*** Opening of TASK INPUT ***

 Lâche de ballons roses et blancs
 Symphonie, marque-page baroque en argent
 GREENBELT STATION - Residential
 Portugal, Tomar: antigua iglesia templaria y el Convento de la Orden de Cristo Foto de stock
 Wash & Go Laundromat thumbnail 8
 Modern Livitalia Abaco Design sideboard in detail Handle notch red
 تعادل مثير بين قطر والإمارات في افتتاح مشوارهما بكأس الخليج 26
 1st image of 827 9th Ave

*** Close of TASK INPUT ***

**WHAT IS NEEDED**
Write out an exact transcription of the line with "Modern Livitalia Abaco" and of each line after it; stop at the end of the records.

**ANSWER TO THIS PROBLEM**
 Modern Livitalia Abaco Design sideboard in detail Handle notch red
 تعادل مثير بين قطر والإمارات في افتتاح مشوارهما بكأس الخليج 26
 1st image of 827 9th Ave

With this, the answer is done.